Keke

Keke

I met Keke Collins at Gwynn Oak Park. It’s a pretty park with a pond and playground, a bucolic gem nestled in the midst of a chaotic city. It has been a difficult two years for Keke. In June of 2015, her boyfriend died after a long battle with cancer. Keke comes here from time to time to seek solace.

The day Jen took this photo was a humid July morning and our first photo shoot with rain. It wasn’t just rain, but a deluge that I’d later learn flooded my basement. Keke parked near me, and I rushed the few yards to her car. We looked at one another not saying a word but clearly communicating our shared concern that this photo would be impossible. “Jen will know what to do when she arrives,” I assured her.
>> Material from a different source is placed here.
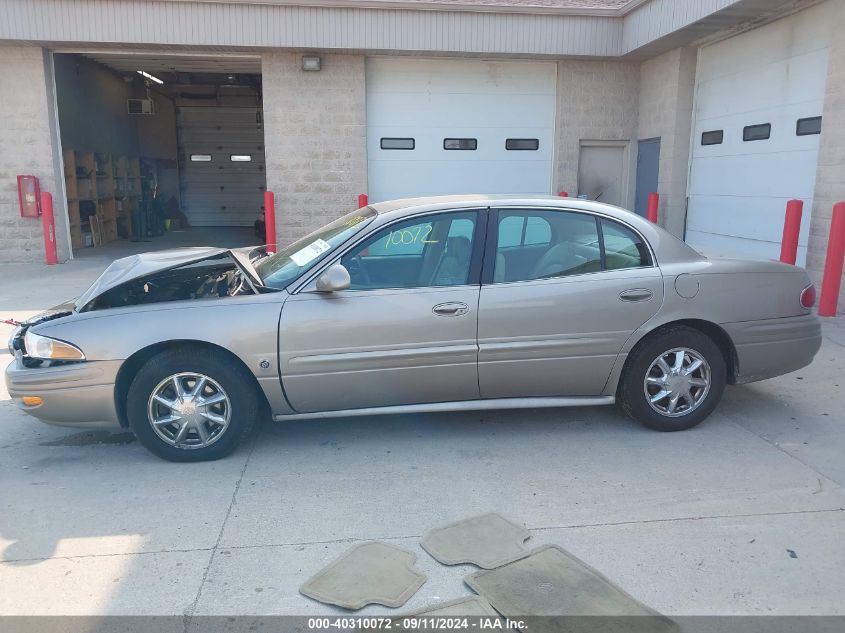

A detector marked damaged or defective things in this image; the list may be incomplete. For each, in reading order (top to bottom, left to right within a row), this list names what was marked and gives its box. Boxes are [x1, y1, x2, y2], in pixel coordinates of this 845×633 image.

We sat and laughed about the absurdity of attempting a photograph in these conditions. I asked her about a snapshot slipped into the visor of her car of her with three beautiful little boys. She told me it was a picture of Donta and his two brothers. Donta was the middle child. Even in this studio photo you can tell that this is a boy with spirit and heart. His eyes sparkle with curiosity. Keke smiled at her children, “If anyone was going to make sure that I was okay, it was Donta. He always watched out for me.”

Jen jumped into the back of Keke’s car. “Ok, we’ll make this work,” she said. “Let’s just give it some time.”  We did.  We sat in the car and talked about Donta. Keke showed us a video of Donta taken at a job training site. He’d been invited back by the school to talk about his success as a welder. The video shows a handsome charismatic young man. He looks at the audience, “You gave me the opportunity to go forward. I’m not going backwards.”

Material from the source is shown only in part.